Without diminishing the value of grounded dialogue (more than a flat-table synodal “process”?), what more is the perennial and incarnational Catholic Church bringing to its engagement with Marxists/Marxism, in addition to only a call for “poetry” and “creativity” (https://www.vatican.va/content/francesco/en/speeches/2024/january/documents/20240110-dialop.html). More than a polarity, the Catholic Social Teaching “belongs to the field . . . of theology and particularly moral theology” (CA n. 55; Rerum Novarum n. 153).
Peter. This may well be, reading with moderately jaundiced eyes an adroit overture by His Holiness to expand the cooperative success of his Vatican China policy to include the universal Church.

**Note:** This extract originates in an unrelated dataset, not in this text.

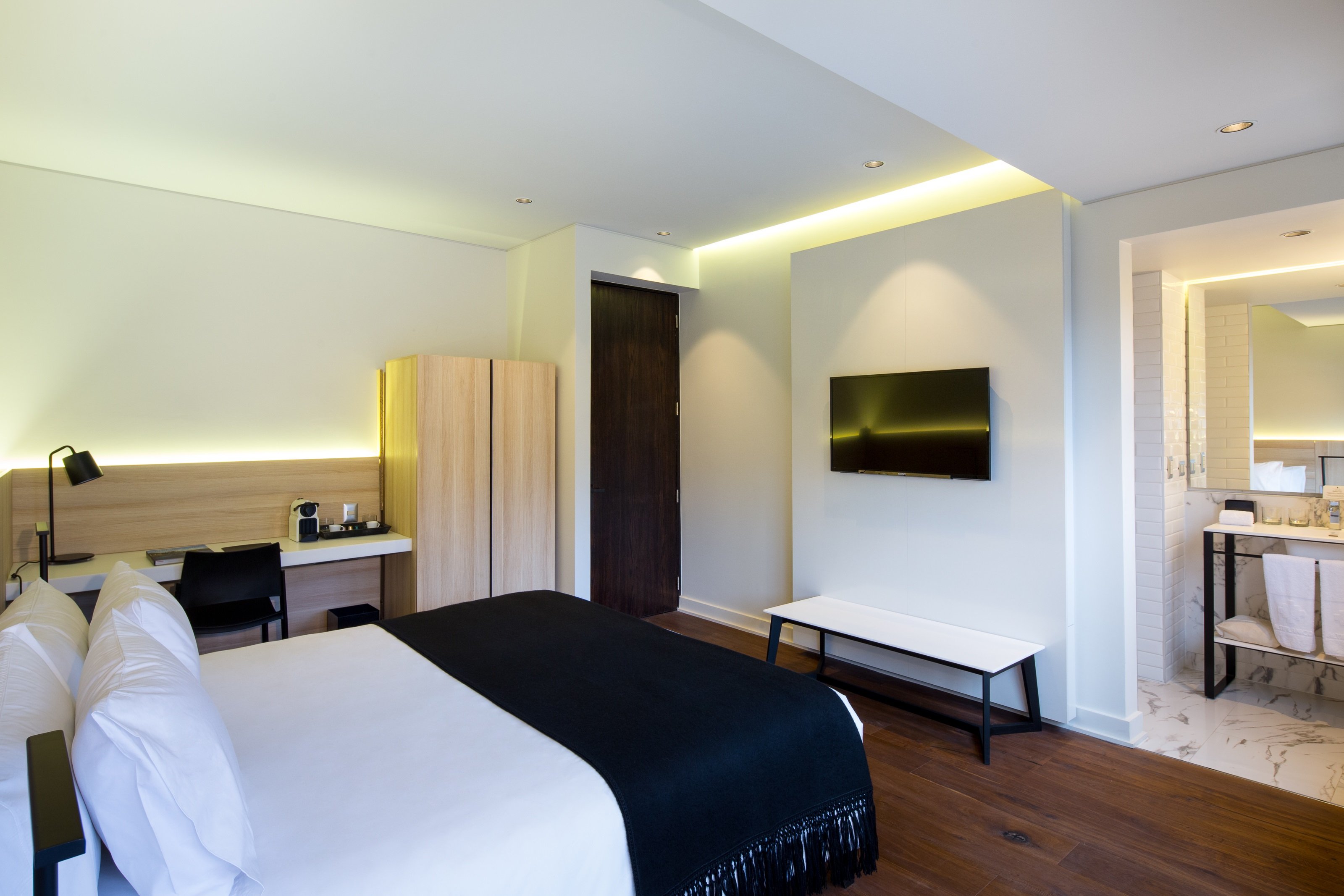 Hotel Altiplanico Bellas Artes-guestroom-Standard Room.jpg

Humor aside, admittedly, this pontificate has attracted ranking churchmen who have an affinity with Marxist socialist doctrine. We’re aware of high praise for the China regime being touted as a near perfect assimile of Christianity. Indeed there is that resemblance of communal equanimity inclusive of goods. His Holiness has expressed as much in his social doctrine, we recall his universal salary proposal, also his consistent appeal for the poor which is the perceived good of Marxism, a tenet of the Gospels. The difference is this pontificate minimizes the moral dimension as revealed by Christ in favor of a Marxist type of communal justice.

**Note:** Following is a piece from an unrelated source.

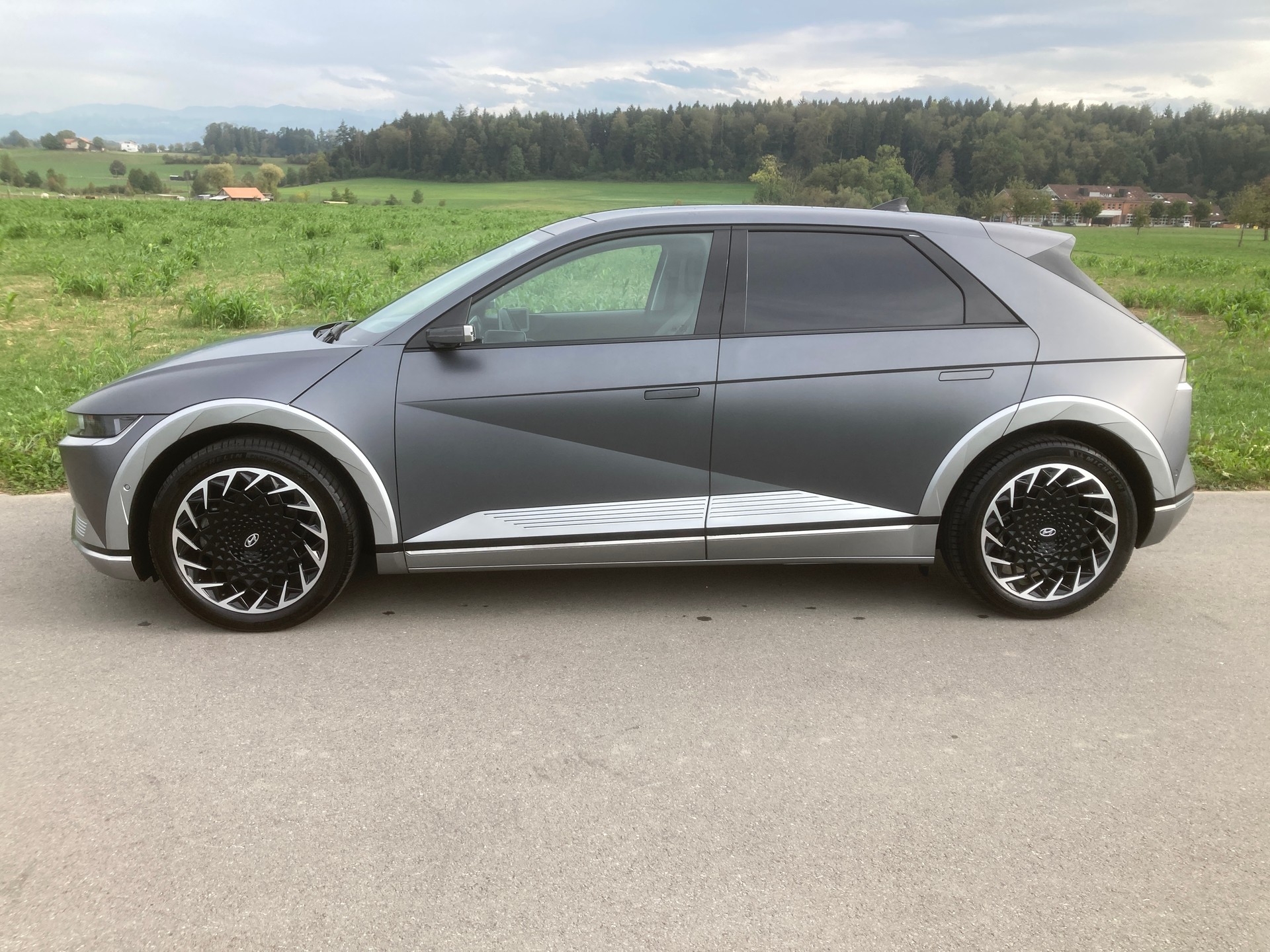 HYUNDAI Ioniq 5 77kWh Vertex 4WD-image-4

And it is hard to avoid wondering if his minimalizing of personal moral dimensions and heroic responses of personal virtue to heal fragile human woundedness or combat darkest humanity, inspired in ways only accessible through religion, from divinely endowed graces and sacraments, might be due to a dearth of authentic faith in whatever vestigial religious sense does inspire or fails to inspire his mind and soul. Marxists have never hidden their absolutist faith, and conceits, in elitist ordered social engineering, murderously intolerant of counterrevolutionaries. A faith in an eventual restructuring of the Church and the world to eradicate all evil often seems to govern Francis’ publicly expressed values, no matter how he might use prepared, perfunctory Christian rhetoric in Angelus addresses that would imply the imperfectability of the human condition, short of Our Lord’s return, were he to consider the meaning of the actual words.
Thanks, dear Fr Peter Morello PhD.
Any political or social system that cancels or curtails the freedom of human persons to choose between right & wrong ethics is a system that opposes what God is doing in this Universe & World.
God, the source of all, is the freely choosing Spirit who always autonomously chooses merciful self-giving love, right-ethical holiness, & perfectly just goodness.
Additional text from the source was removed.